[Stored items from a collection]

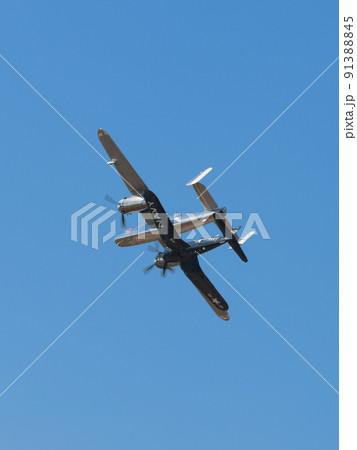 B-25Jミッチェル爆撃機を護衛するF4U-4コルセア艦上戦闘機 91388845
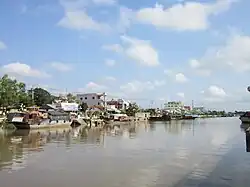 Канал, идущий через город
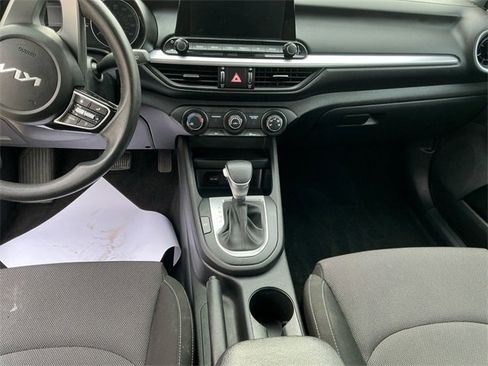 Used 2023 Kia Forte LXS w/ LXS Technology Package image 11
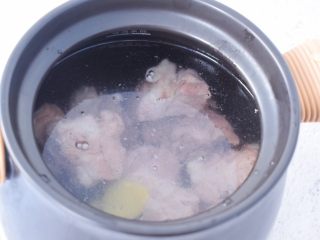 5、猪骨山药汤,加入适量的清水，大火烧开转小火炖煮1小时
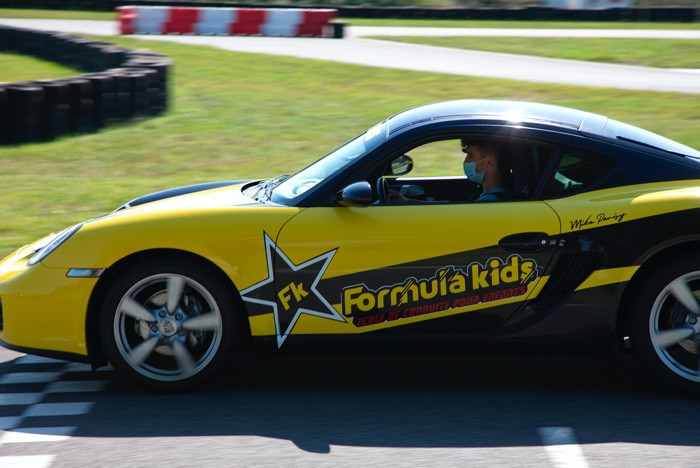 Stage de Pilotage enfant en Porsche Cayman dès 9 ans - Fontenay-le-Comte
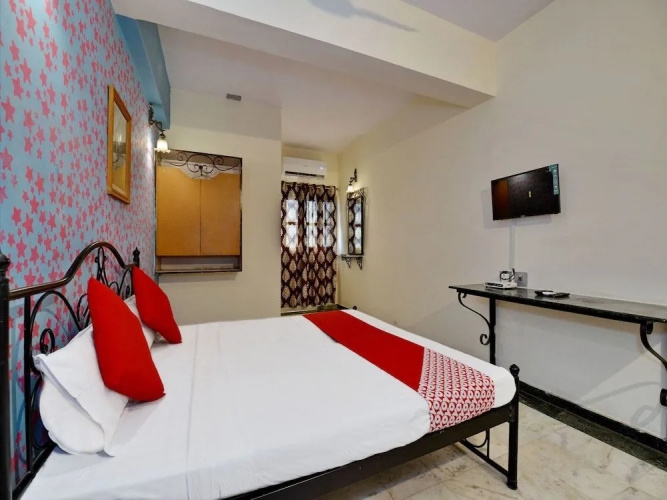 OYO 13000 Hotel Utsav Residency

> _TASK TO COMPLETE_: No pictures belong in the copy. Repeat the entries exactly.

> _RESPONSE_:
 B-25Jミッチェル爆撃機を護衛するF4U-4コルセア艦上戦闘機 91388845
 Канал, идущий через город
 Used 2023 Kia Forte LXS w/ LXS Technology Package image 11
 5、猪骨山药汤,加入适量的清水，大火烧开转小火炖煮1小时
 Stage de Pilotage enfant en Porsche Cayman dès 9 ans - Fontenay-le-Comte
 OYO 13000 Hotel Utsav Residency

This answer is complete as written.